## Aim of the exercise
The answer must consist solely of the lines from the one containing "Sunset Beach Villa with Pool" through the last line of the records below, repeated exactly, with all pictures omitted.

Brief descriptive captions
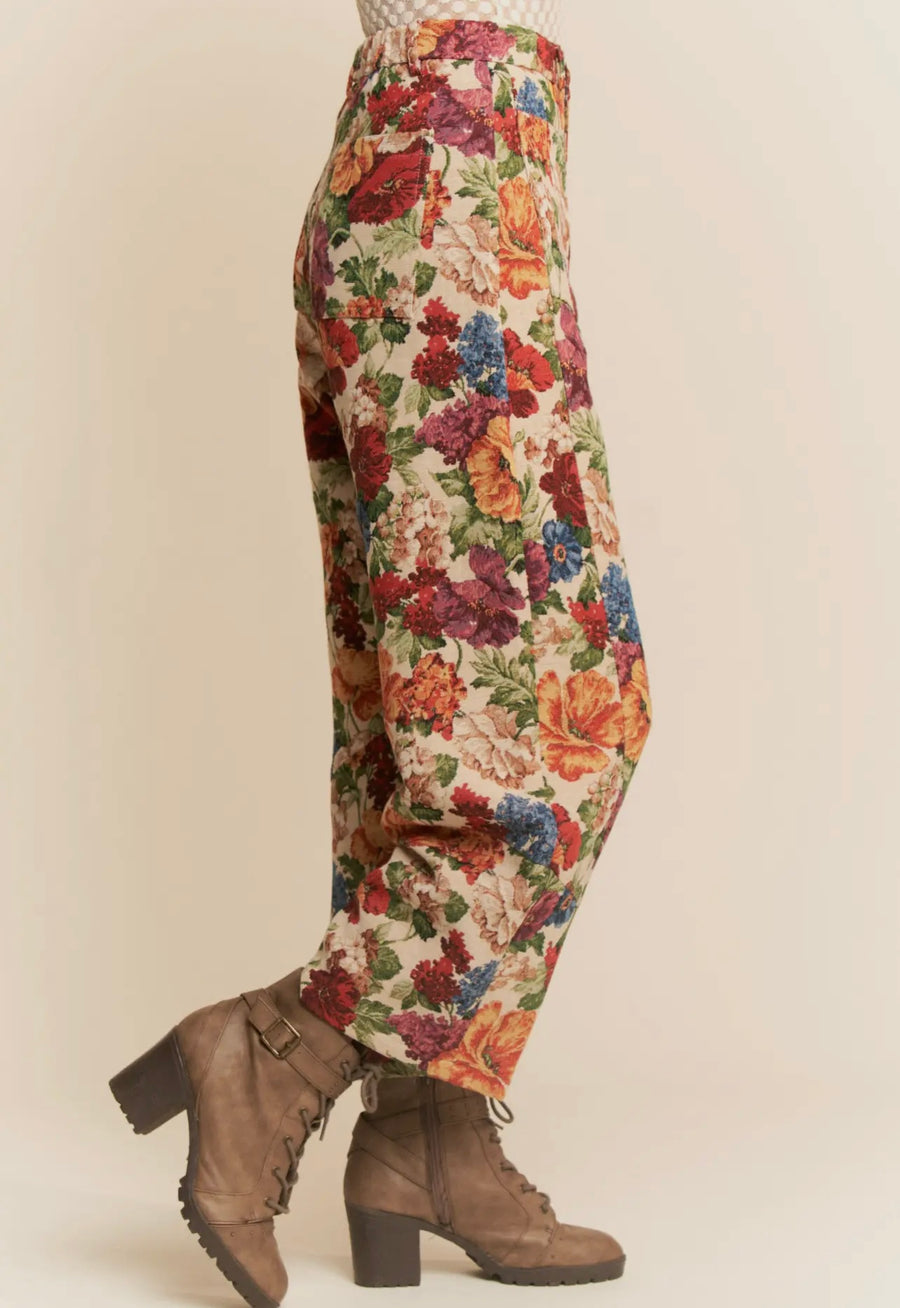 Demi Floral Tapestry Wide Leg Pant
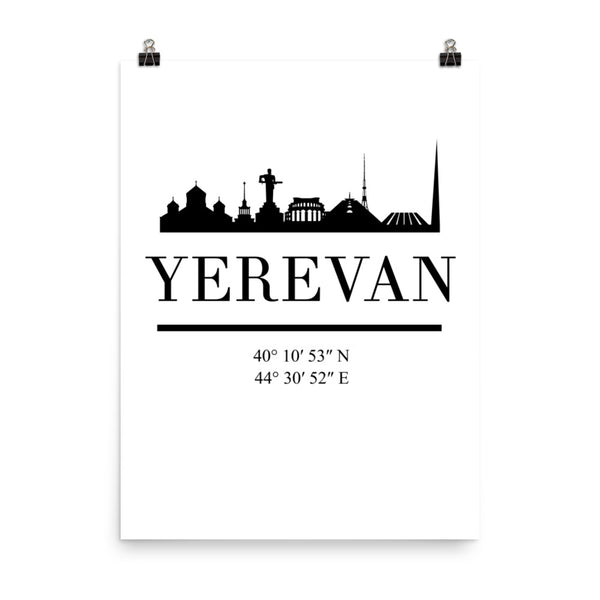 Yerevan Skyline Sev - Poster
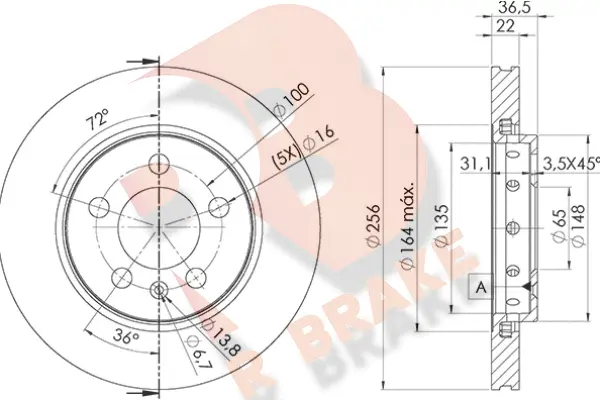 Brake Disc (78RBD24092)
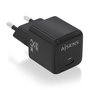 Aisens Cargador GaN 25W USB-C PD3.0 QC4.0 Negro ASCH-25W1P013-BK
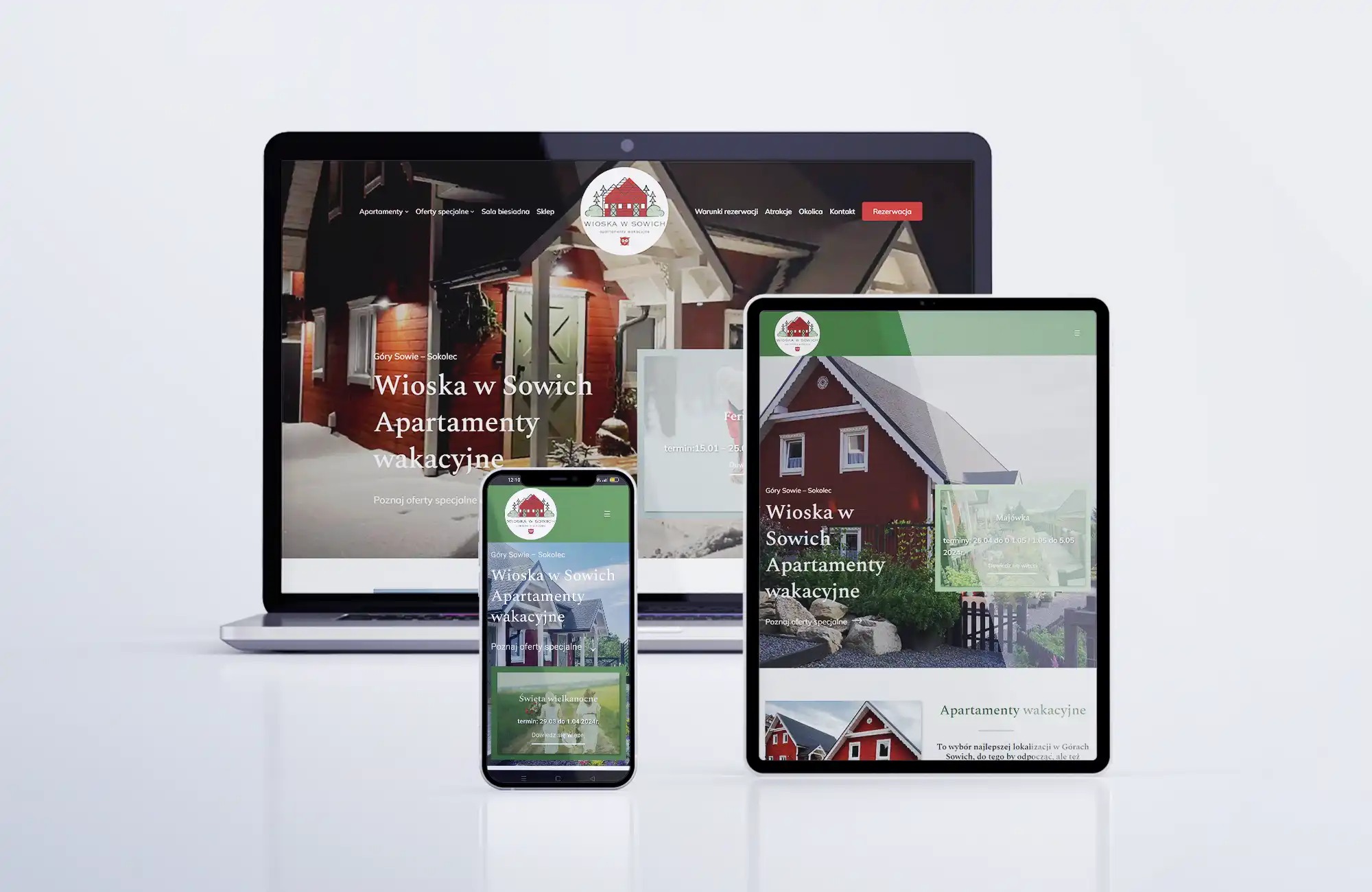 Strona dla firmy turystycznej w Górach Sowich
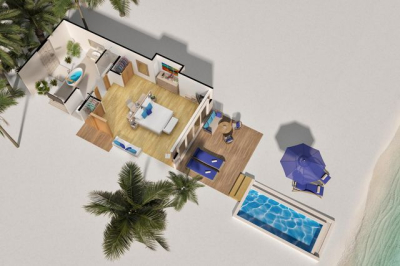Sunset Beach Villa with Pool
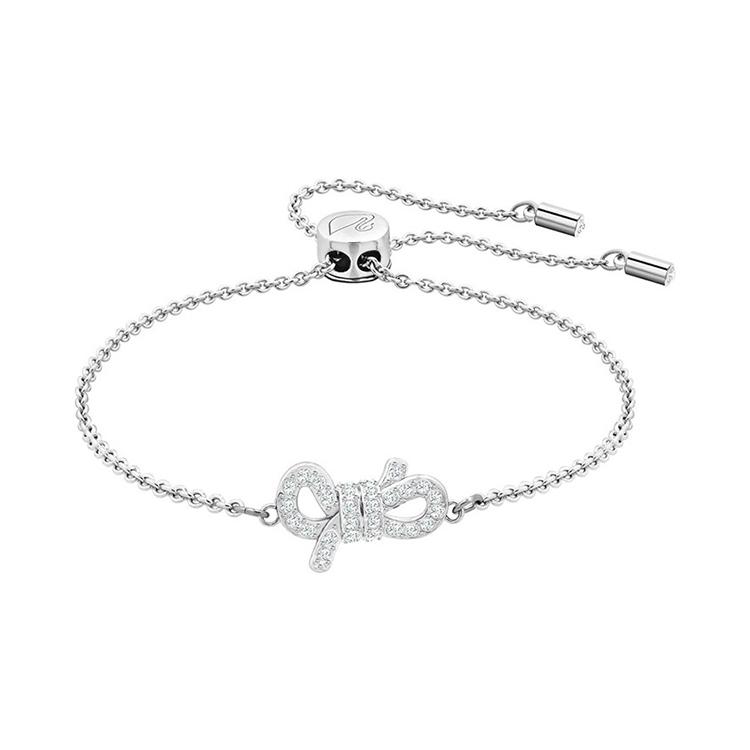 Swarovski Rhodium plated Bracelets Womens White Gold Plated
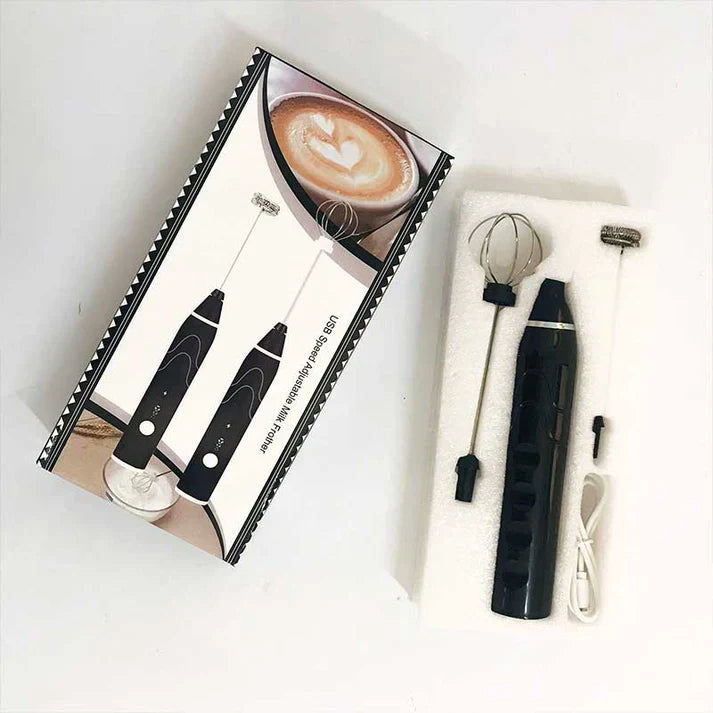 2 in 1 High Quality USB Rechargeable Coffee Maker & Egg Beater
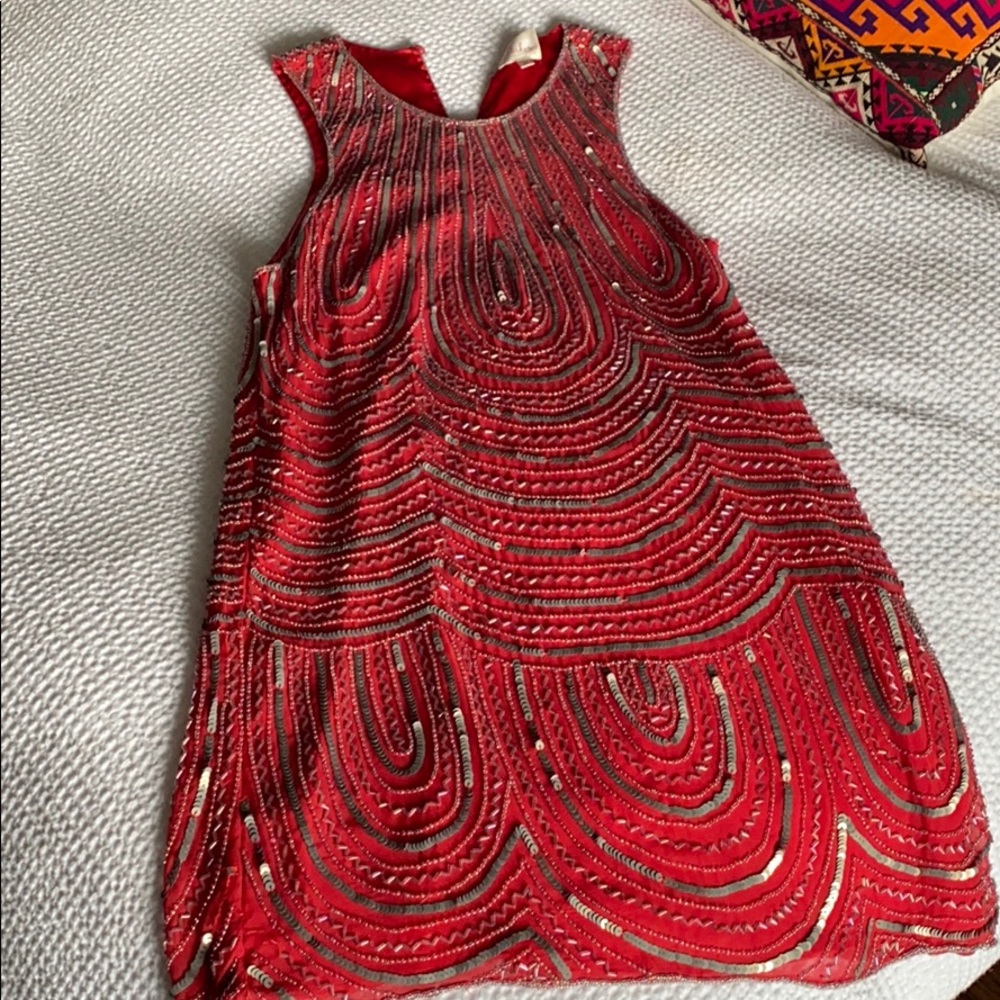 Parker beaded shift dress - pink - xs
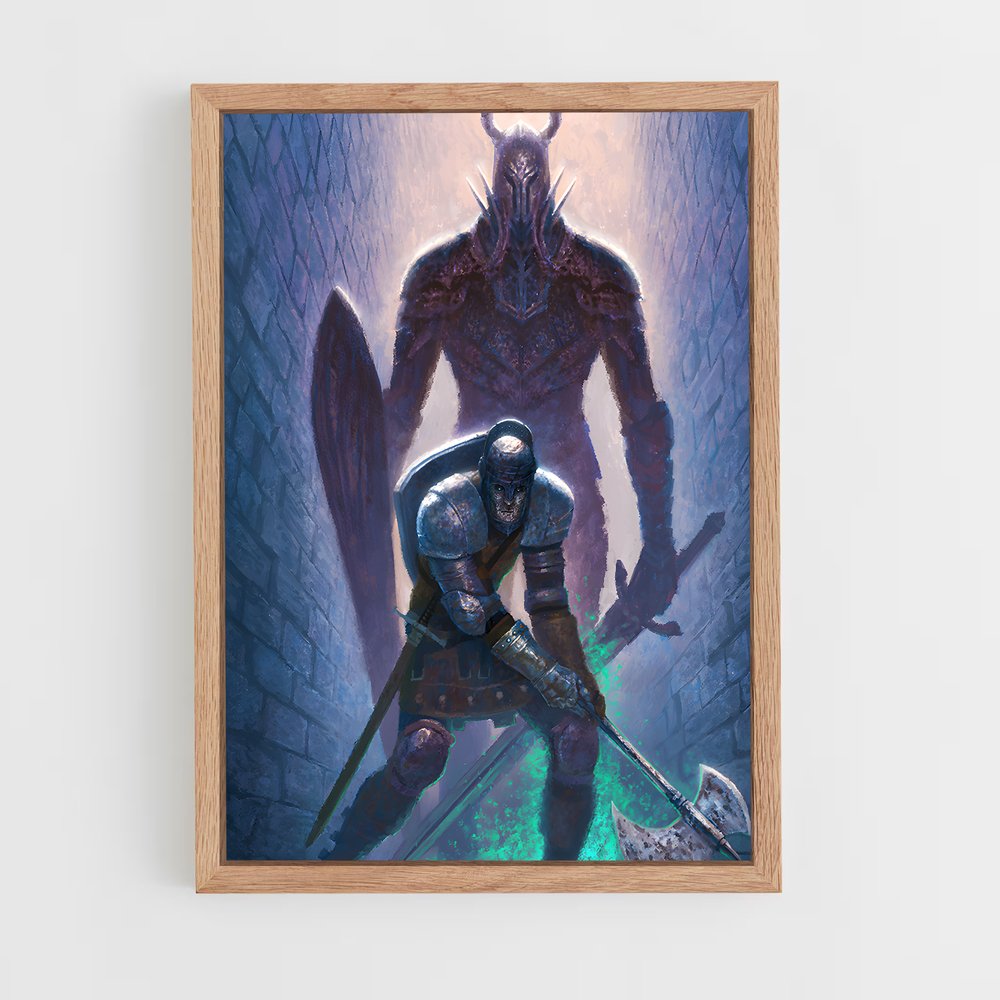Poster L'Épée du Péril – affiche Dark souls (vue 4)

## Exercise solution
Sunset Beach Villa with Pool
 Swarovski Rhodium plated Bracelets Womens White Gold Plated
 2 in 1 High Quality USB Rechargeable Coffee Maker & Egg Beater
 Parker beaded shift dress - pink - xs
Poster L'Épée du Péril – affiche Dark souls (vue 4)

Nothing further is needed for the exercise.